His particular concerns are to address drivers’ focus on three things: adequate miles, satisfactory pay and their need for home time. In the not too distant future, Tyson believes driver pay will have to reach about $70,000 annually in order to ensure a sufficient supply.

Over and above the broad service, capacity and business relationships with customers and drivers, the experts identified a wide range of other factors that could help intermodal.

Montague stressed specific points related to comments made by Hansen, Tyson and others, while also assessing other factors affecting intermodal.

ELD Compliance Impact

ELD compliance requirements, for example, could help to increase intermodal moves in the 500to 700-mile range, he believes. That will happen because the new regulations shorten the number of miles a driver can legally operate in a day from the higher number toward the lower. Particular growth opportunities are present east of Chicago, he said.

Another ELD-related factor could help intermodal in a different way, the DAT analyst said. He believes that owner-operators who don’t like ELDs could be lured to shorter-haul drayage because of high revenue opportunities in support of e-commerce and final mile deliveries that fall within the 100-mile exemption.

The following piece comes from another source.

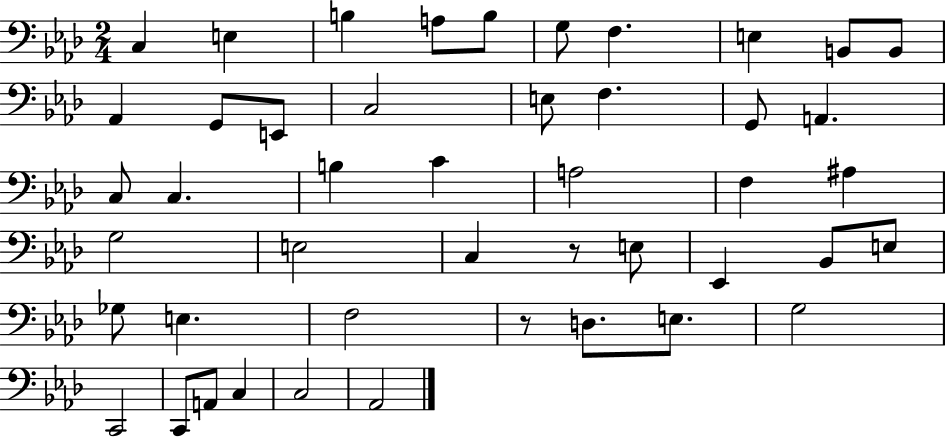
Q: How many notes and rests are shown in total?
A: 46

Intermodal also has changed favorably in another way. Providers have improved their sensitivity to spot market activity to the point that truck/rail pricing is being adjusted almost as quickly as truck rates, Montague said. That is a major step forward from years past, when it could take as much as two months for intermodal pricing to adjust to spot market conditions.

Montague also said that the early 2018 run-up of crude oil into the $60 per barrel range could push more freight toward intermodal for cost reasons. There are few indications that the price of crude will drop very much in the near future, he believes.

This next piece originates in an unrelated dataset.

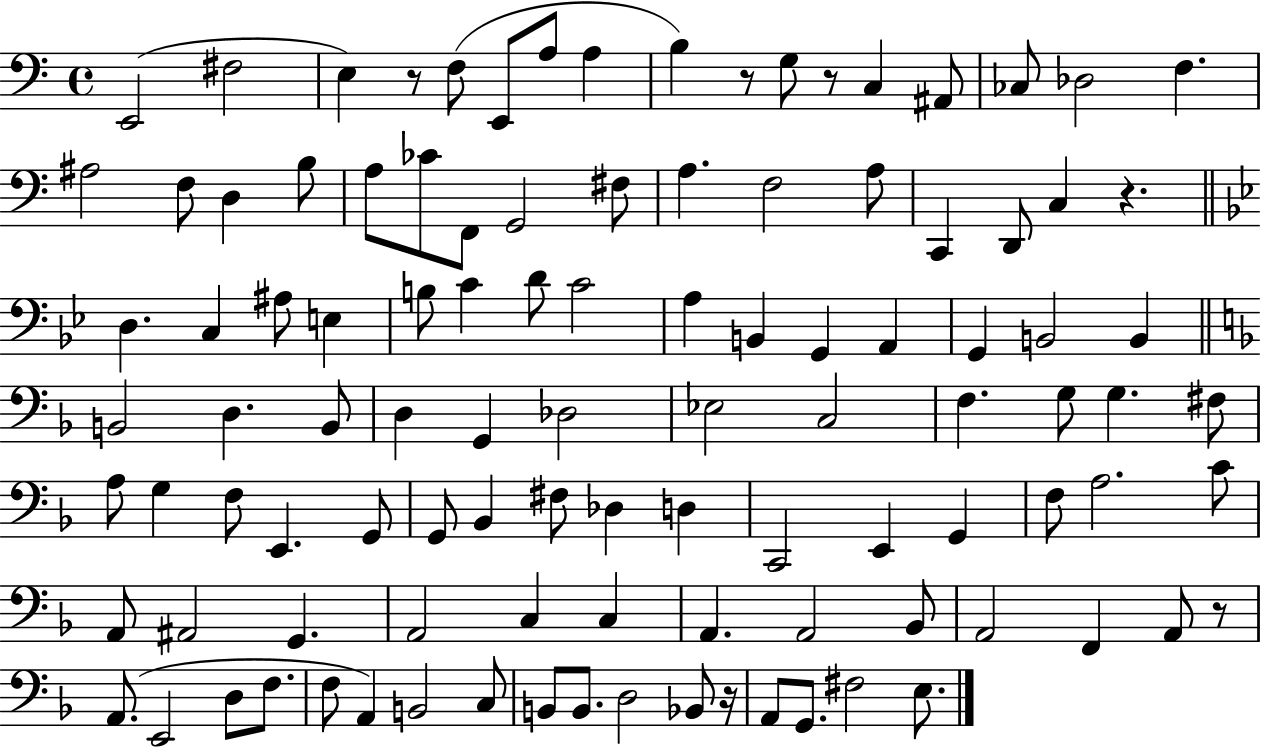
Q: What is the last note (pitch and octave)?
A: E3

Knichel believes over the road truck-to-rail intermodal conversion could grow through continued education of shippers, and effective planning to assure seamless intermodal moves.

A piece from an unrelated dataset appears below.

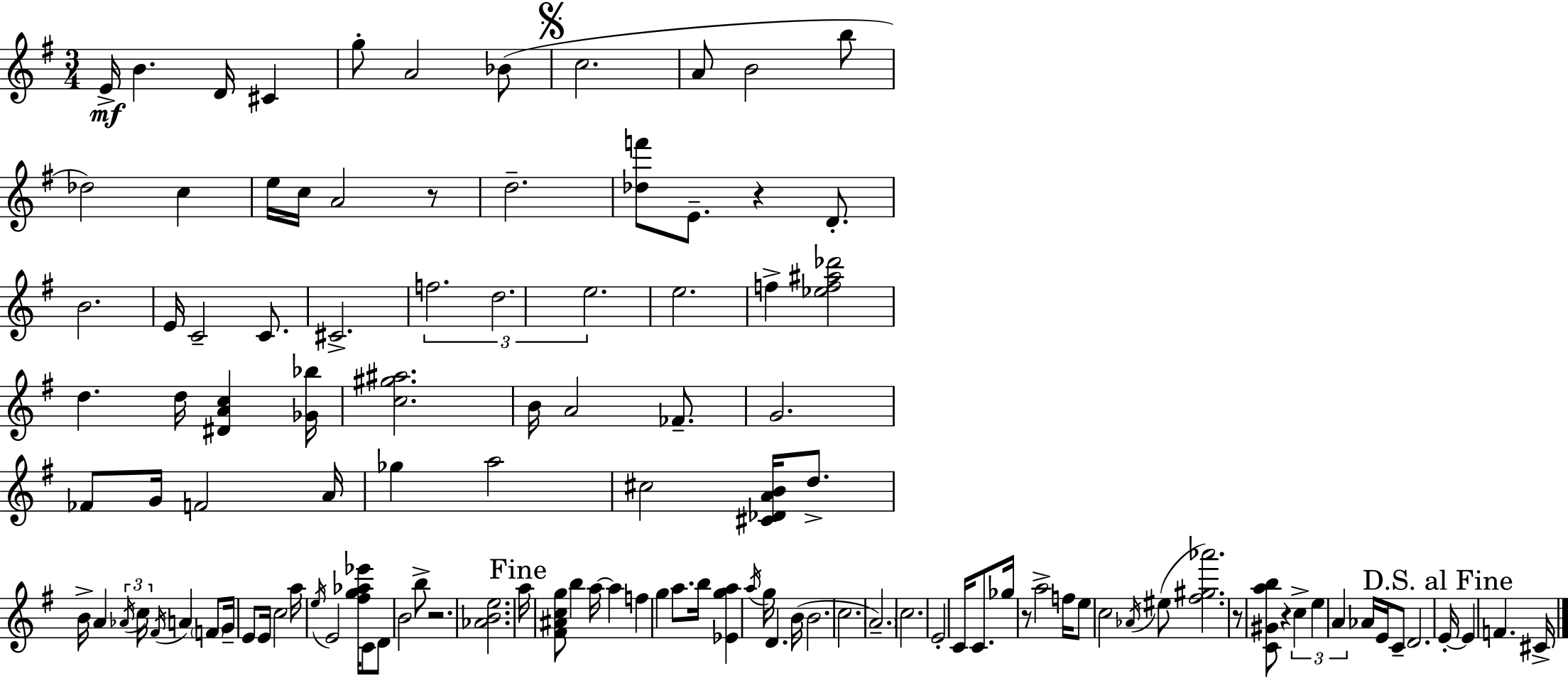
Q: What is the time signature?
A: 3/4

Opportunity beckons, she said, contrasting 2016 intermodal with 2018 conditions. In 2016, she said, shippers had ample OTR truck capacity at competitive pricing, while capacity is tighter this year.

‘Looking for Freight Options’

Hansen, Knichel and Hatch pinpointed technology opportunities.

“Optimizing oneself with solid online content that ranks highly on search engines is a good way to get more eyes on your company and its services,” Knichel said. “If customers are new to intermodal or have never used it before, they are more than likely looking for freight options [on the internet] already.”

Hansen

Hansen also stressed the importance of customer-facing technology. “Online presence and capabilities will be increasingly important, with many transport buyers researching and comparing solutions in the online environment, before even approaching possible providers of those solutions. As an industry, the railroads still need to invest in this area, in order to provide transport procurement researchers with a reasonable amount of information.”

There also is technological potential, Hatch added, as railroads shift their attention on positive train control from the capital spending needed to finish the projects to the potential for operating cost savings as “the backbone of the new, digitized railroad” that helps customers and carriers alike.

Hansen, whose railroad serves both the U.S. and Mexico, said he believes international trade will grow in 2018, notwithstanding the uncertainties about the outcome of trade negotiations among the current NAFTA partners.

NAFTA is a factor, Hatch said, because 42 percent of total rail traffic is linked to North American trade activity, citing statistics from the Association of American Railroads. Intermodal itself accounts for about 40 percent of U.S.-Mexico rail traffic.